Objective
Understand vanilla gradient descent by minimizing a simple convex quadratic:
\[ f(\mathbf{w}) = \tfrac{1}{2}\,\mathbf{w}^\top \mathbf{A} \, \mathbf{w} - \mathbf{b}^\top \mathbf{w} + c, \quad \mathbf{A} \succ 0. \]
The minimizer is \(\mathbf{w}^* = \mathbf{A}^{-1}\mathbf{b}\). Gradient descent iterates
\[ \mathbf{w}_{t+1} = \mathbf{w}_t - \eta \nabla f(\mathbf{w}_t) = \mathbf{w}_t - \eta (\mathbf{A} \mathbf{w}_t - \mathbf{b}). \]
Convergence condition
Let \(\lambda_{\min}\le \lambda \le \lambda_{\max}\) be eigenvalues of \(\mathbf{A}\). For a constant step-size \(\eta\), convergence is guaranteed if
\[ 0 < \eta < \frac{2}{\lambda_{\max}}. \]
Worked Example
Take \(\mathbf{A}=\begin{bmatrix}3&0\\0&1\end{bmatrix}\), \(\mathbf{b}=\begin{bmatrix}6\\2\end{bmatrix}\). Then \(\mathbf{w}^* = [2,\,2]^\top\). With \(\eta = 0.5\), start at \(\mathbf{w}_0=[0,0]^\top\):
\[ \nabla f(\mathbf{w}_0) = -\mathbf{b} = [-6,-2]^\top, \quad \mathbf{w}_1 = [3,1]^\top. \]
Next:
\[ \nabla f(\mathbf{w}_1) = \mathbf{Aw}_1-\mathbf{b} = [3,1]^\top, \quad \mathbf{w}_2 = [1.5,0.5]^\top. \]

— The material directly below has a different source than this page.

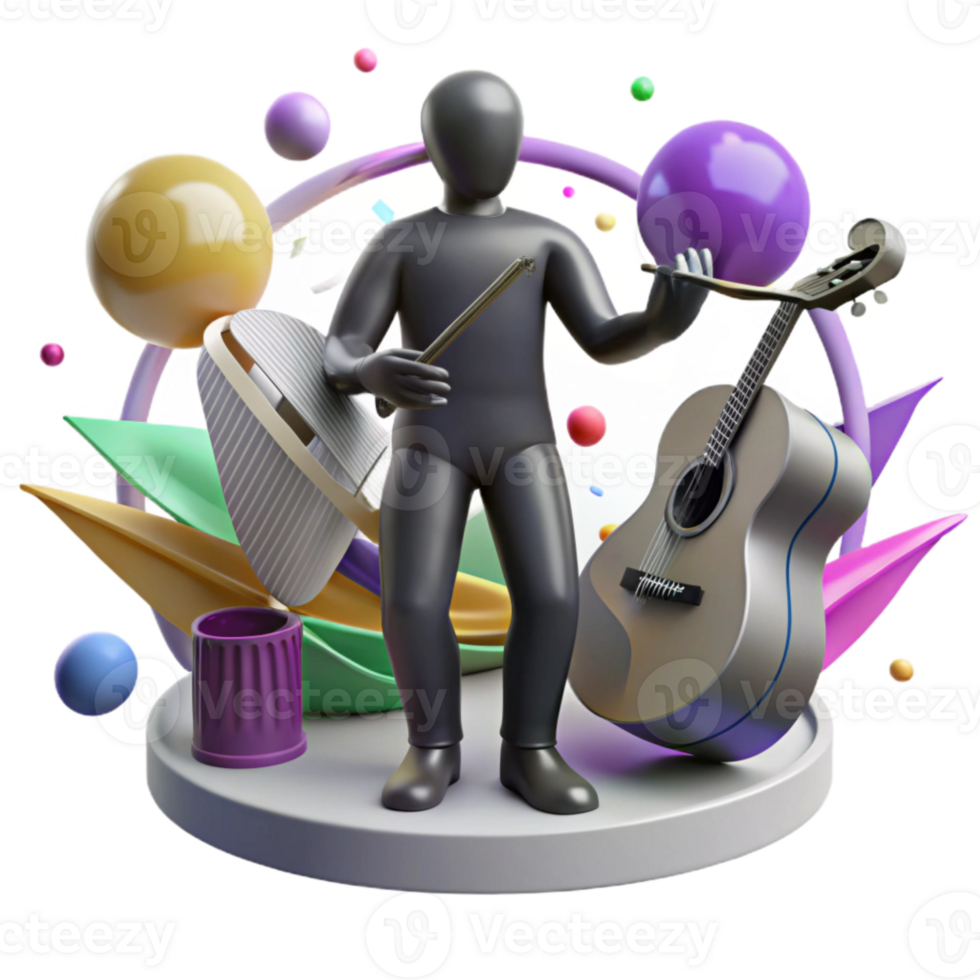 vibrant traditional Kora Player Silhouette Isolated Element png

Continuing yields geometric convergence to \([2,2]^\top\).
Implementation Snippet (NumPy)
import numpy as np
A = np.array([[3.,0.],[0.,1.]])
b = np.array([6.,2.])
w = np.array([0.,0.])
eta = 0.5
for t in range(10):
grad = A @ w - b
w = w - eta * grad
print(t+1, w)
Key Takeaways
- Quadratics provide a clean sandbox to see step-size effects.
- Condition number \(\kappa=\lambda_{\max}/\lambda_{\min}\) dictates speed.
- Preconditioning (e.g., feature scaling) reduces \(\kappa\) and speeds convergence.